TASK PROMPT -
Restate, exactly as written, the entries below from the line that holds "A green box with two white lids on wheels." through the line that holds "Cropped shot of". Pictures are not part of the copy.

SOURCE MATERIAL -
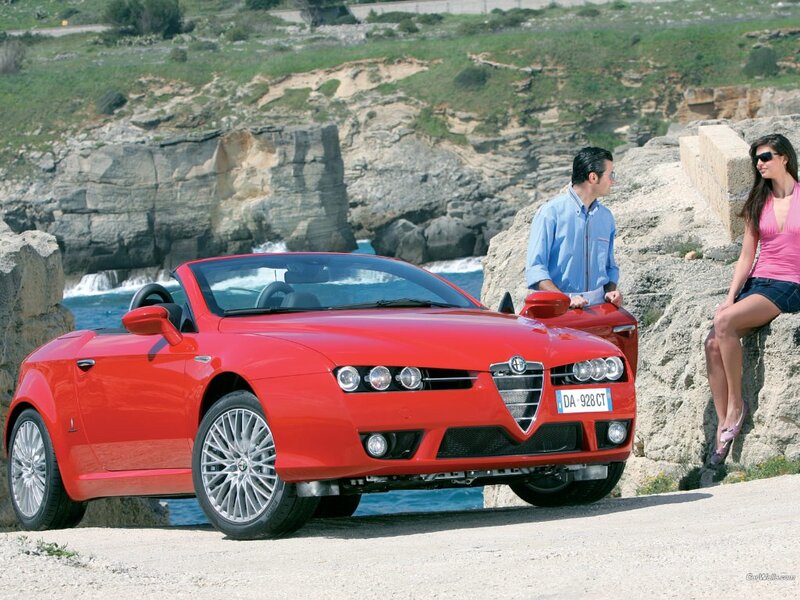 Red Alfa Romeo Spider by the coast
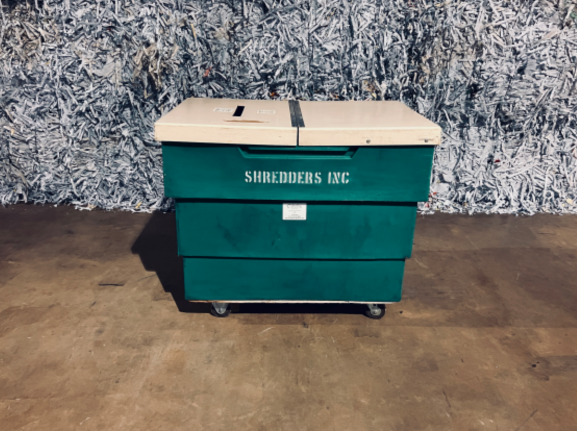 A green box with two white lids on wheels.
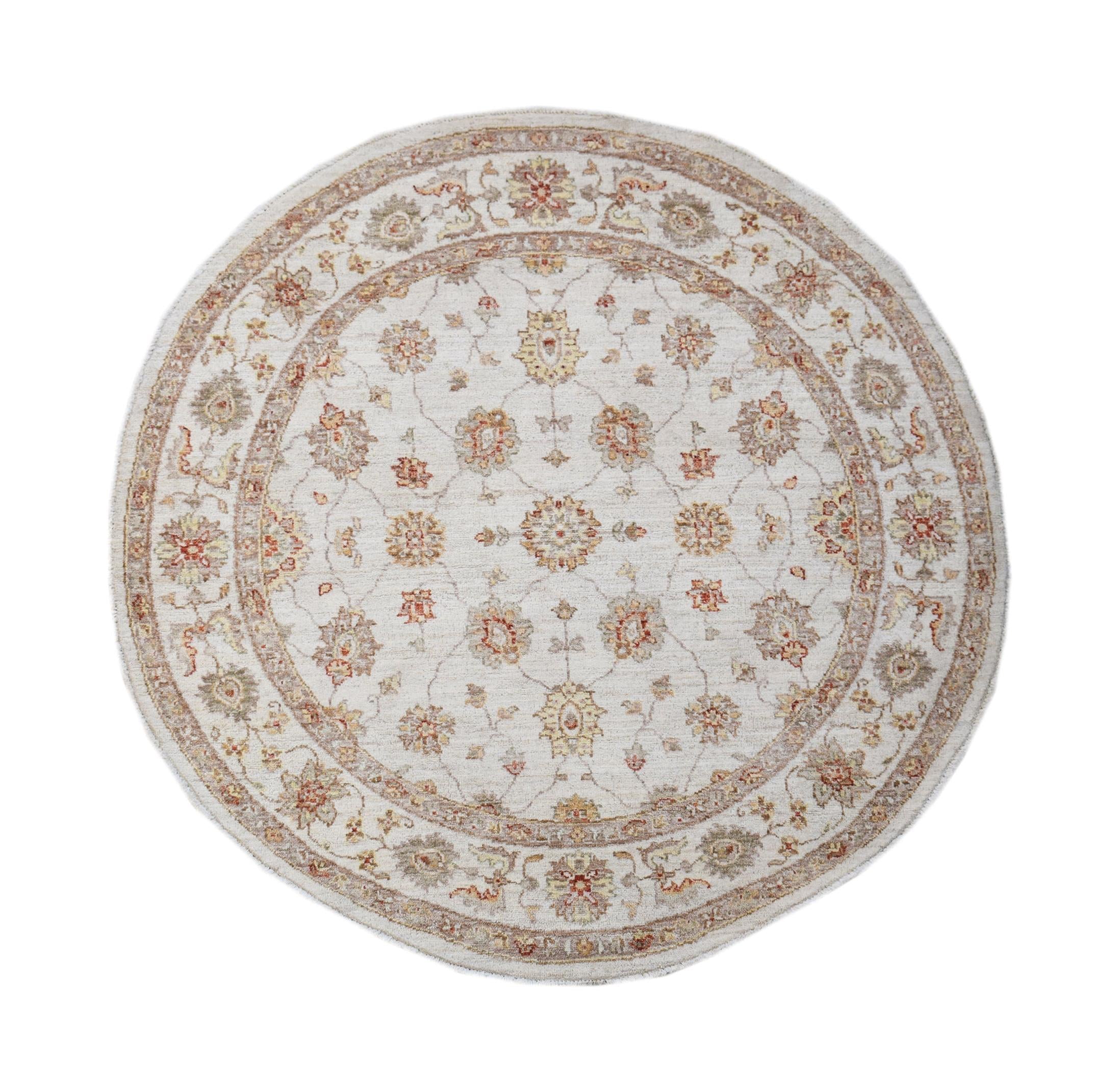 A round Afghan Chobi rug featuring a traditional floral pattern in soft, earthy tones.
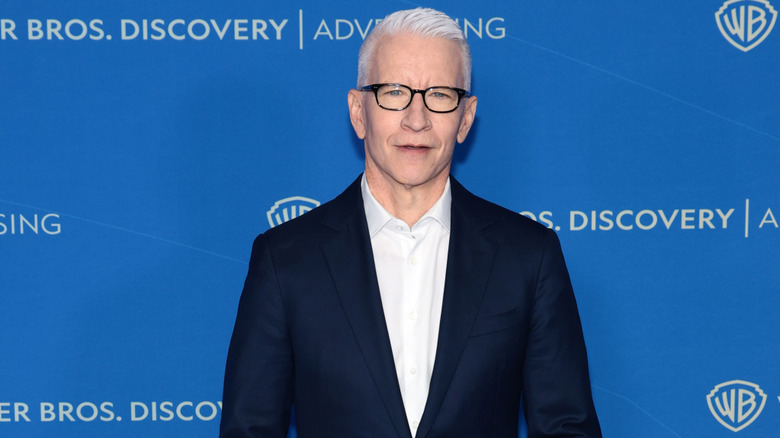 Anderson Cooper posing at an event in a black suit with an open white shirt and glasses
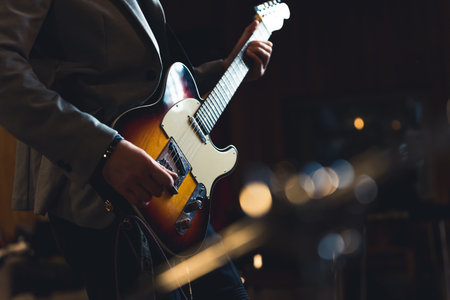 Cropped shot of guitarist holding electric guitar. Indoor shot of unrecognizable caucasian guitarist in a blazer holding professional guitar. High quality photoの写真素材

==

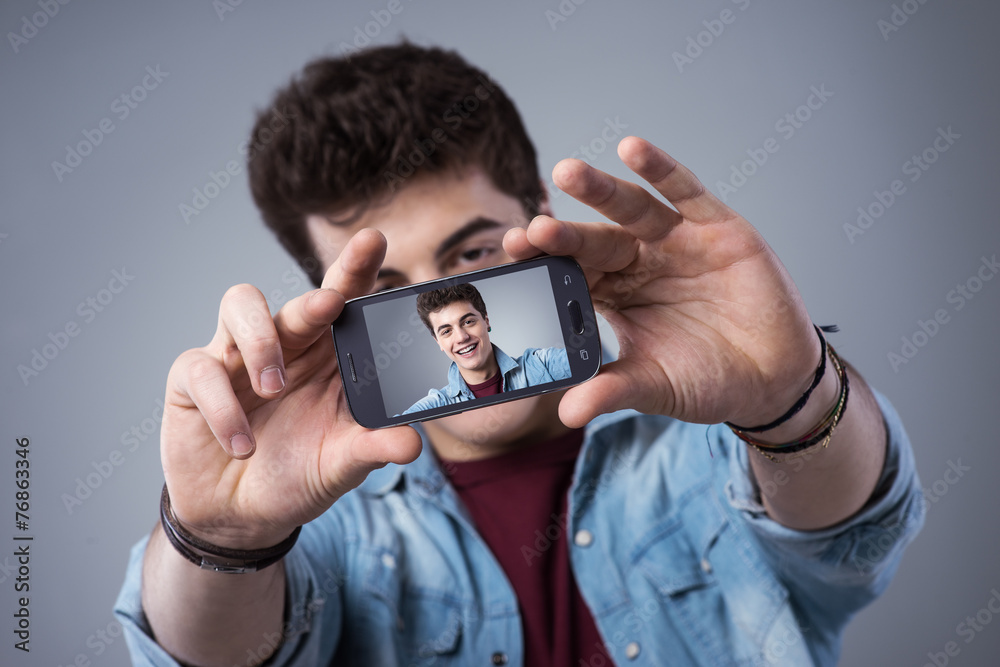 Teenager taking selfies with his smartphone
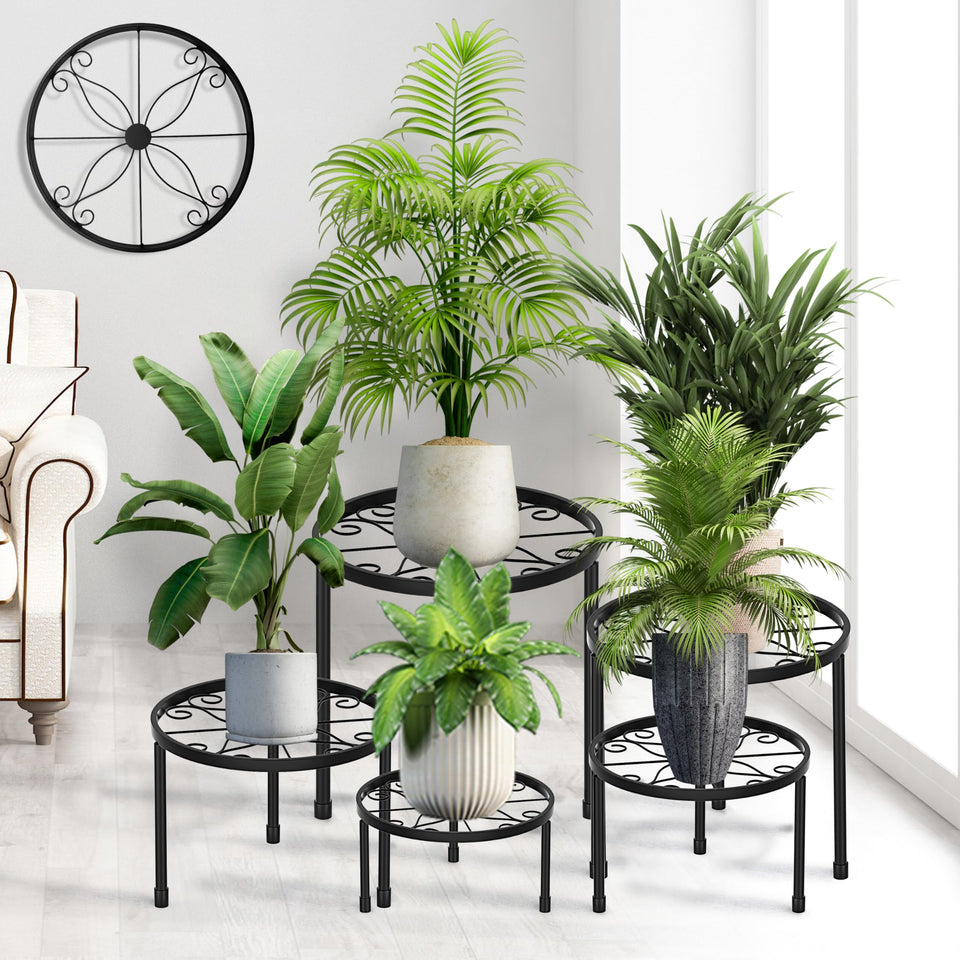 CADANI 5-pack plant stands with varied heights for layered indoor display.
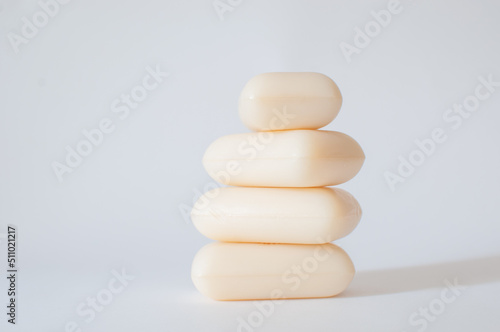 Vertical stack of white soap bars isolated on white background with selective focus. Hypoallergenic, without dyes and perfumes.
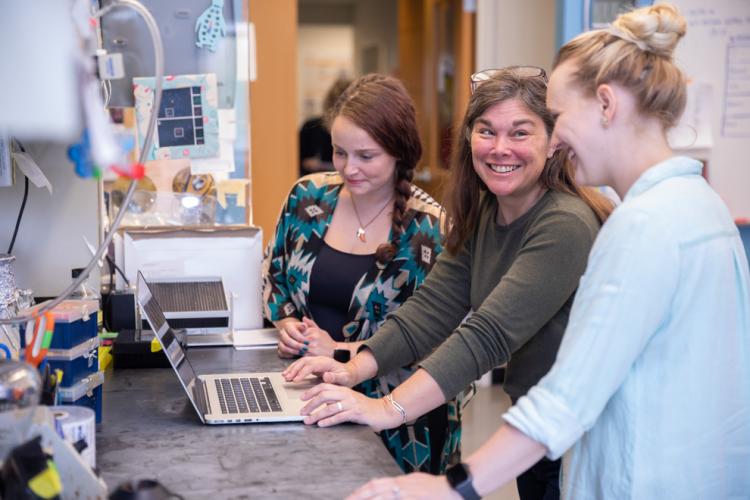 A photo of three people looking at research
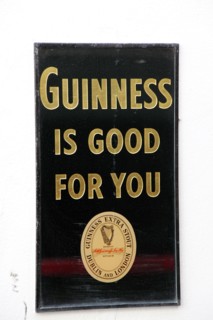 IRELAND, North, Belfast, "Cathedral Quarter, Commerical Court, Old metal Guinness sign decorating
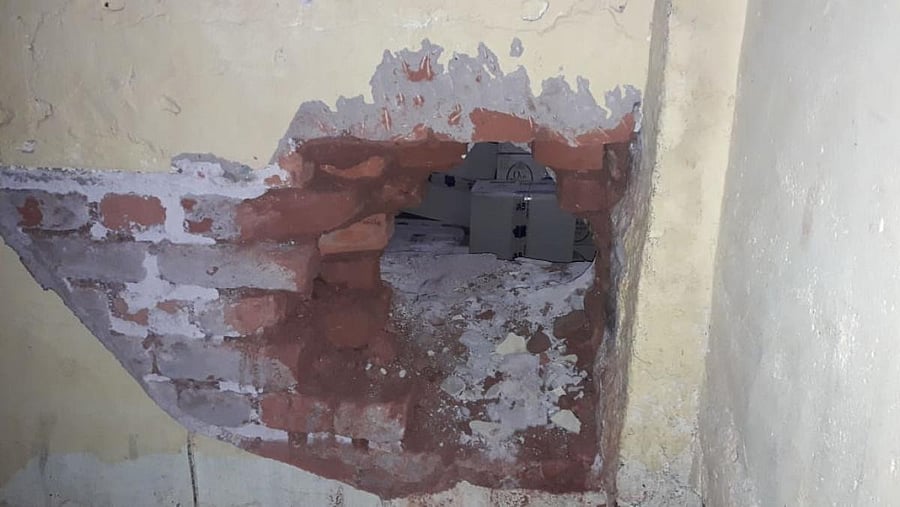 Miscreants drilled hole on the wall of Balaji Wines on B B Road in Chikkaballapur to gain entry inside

...

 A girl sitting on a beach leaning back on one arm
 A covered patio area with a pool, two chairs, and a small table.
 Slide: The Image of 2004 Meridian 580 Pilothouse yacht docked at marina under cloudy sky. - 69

WRITTEN SOLUTION -
 A green box with two white lids on wheels.
 A round Afghan Chobi rug featuring a traditional floral pattern in soft, earthy tones.
 Anderson Cooper posing at an event in a black suit with an open white shirt and glasses
 Cropped shot of guitarist holding electric guitar. Indoor shot of unrecognizable caucasian guitarist in a blazer holding professional guitar. High quality photoの写真素材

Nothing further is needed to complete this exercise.